Over 300 domains linked to Tycoon2FA were seized in the operation, according to TrendAI.
Tycoon2FA offered subscription-based PhaaS that used adversary-in-the-middle techniques to intercept live authentication sessions, and capture credentials, one-time passcodes and active session cookies in real time.
This enabled threat actors using it to bypass multi-factor authentication (MFA) and access countless enterprise accounts in large-scale attacks on corporate inboxes.
Tycoon2FA had around 2000 users and used more than 24,000 domains since its launch in August 2023.
Read more on PhaaS takedowns: UK Police Lead Disruption of £1m Phishing-as-a-Service Site LabHost.
“This was not a single phishing campaign. It was an industrialized service built to make MFA bypass accessible to thousands of criminals,” said Robert McArdle, director for cybercrime research at TrendAI.
“Identity is now the primary attack surface.

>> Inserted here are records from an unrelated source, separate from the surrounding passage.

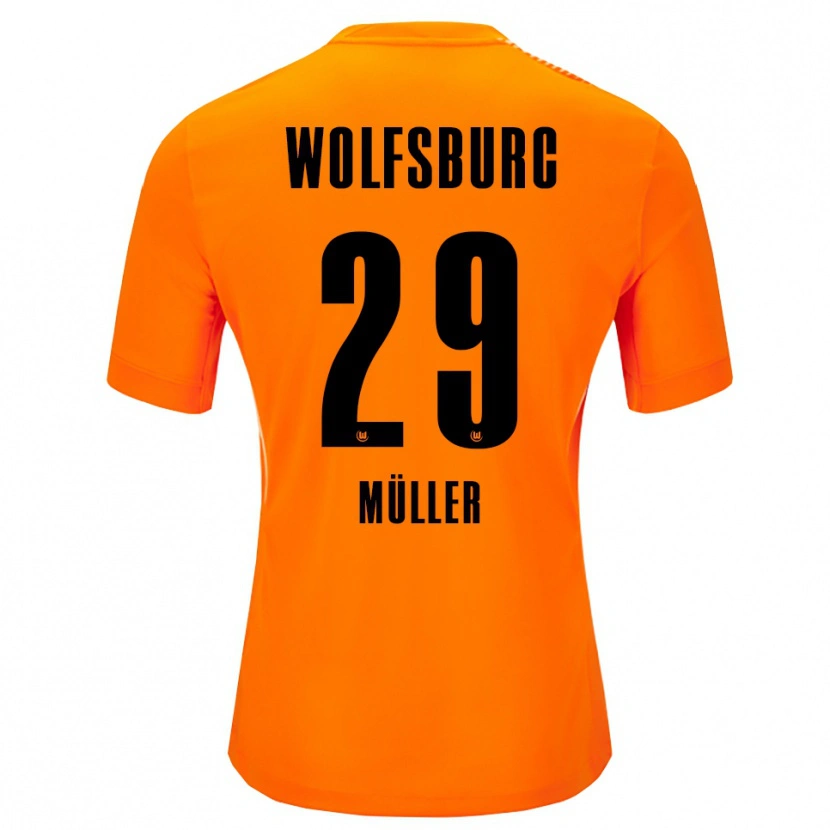 Danxen Herren Marius Müller #29 Trikot Rot Schwarz Torwarttrikot 2025/26
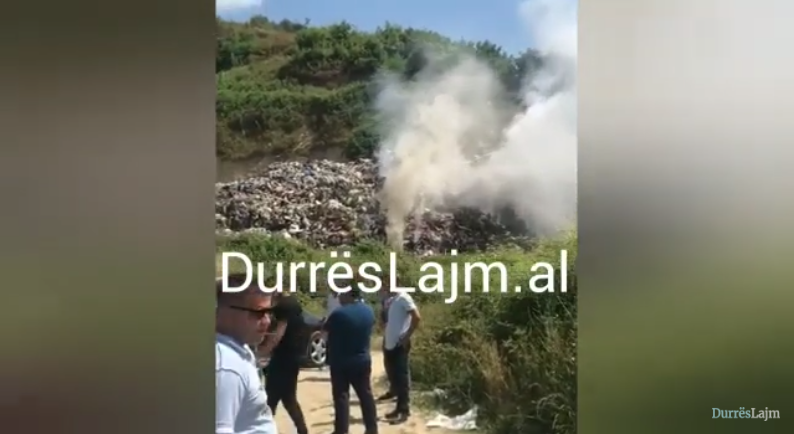 Durrësi ende nën “pushtetin” e plehrave, në Manzë prag katastrofë mjedisore (VIDEO)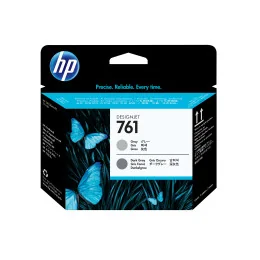 TÊTE D'IMPRESSION GRIS/GRIS FONCÉ HP 761 DESIGNJET (CH647A)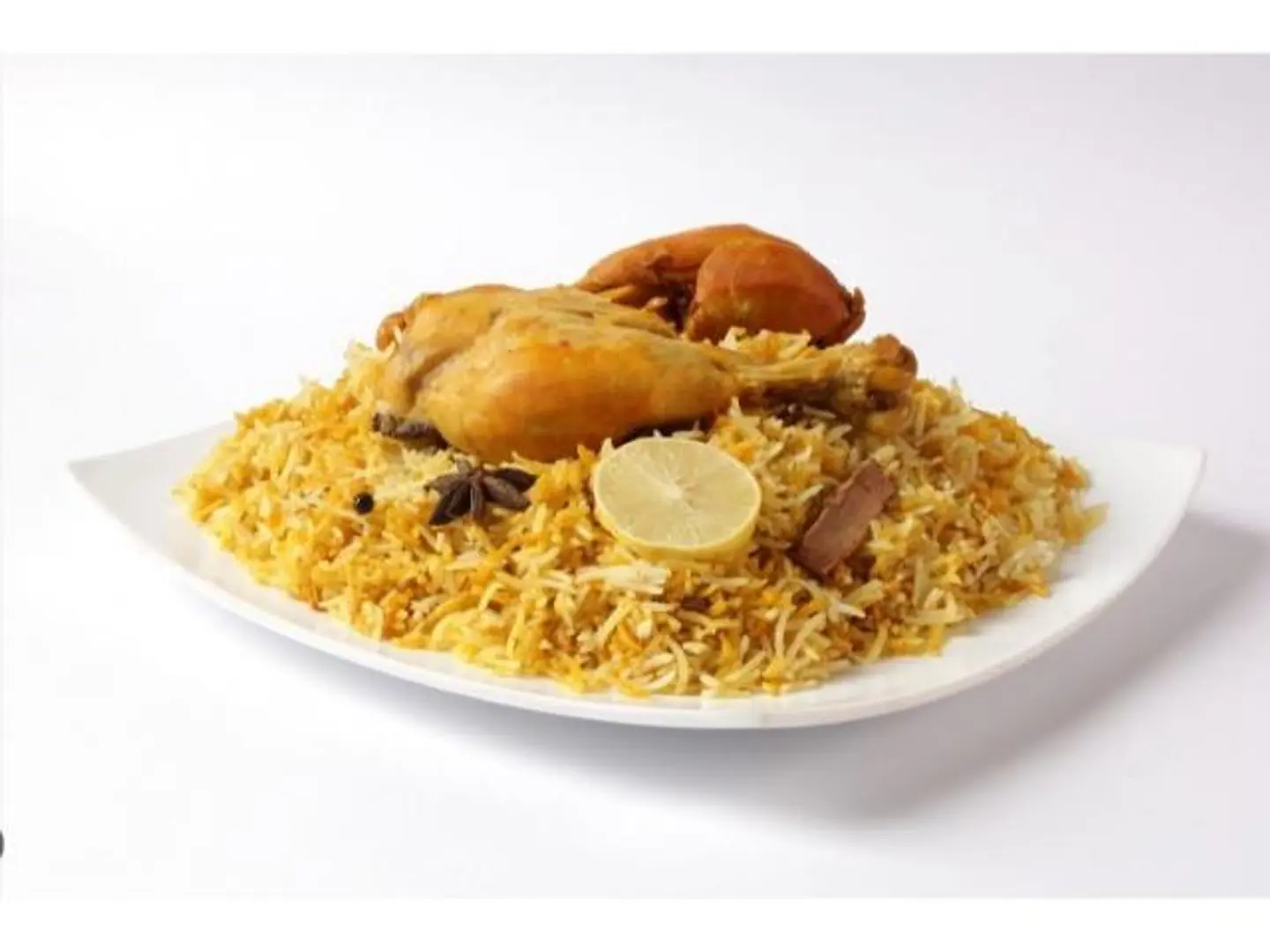 Madfoon Chicken With Rice - Half Chicken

When session hijacking can be packaged and sold as a subscription, the risk shifts from isolated incidents to systemic exposure.”
TrendAI and other industry partners passed on crucial threat intelligence to law enforcement regarding Tycoon2FA infrastructure and campaigns. They assessed the primary operator to be a threat actor using the online identities “SaaadFridi” and “Mr_Xaad.”
However, with the perpetrator and many more like him still at large, security experts urged network defenders to build resilience against PhaaS.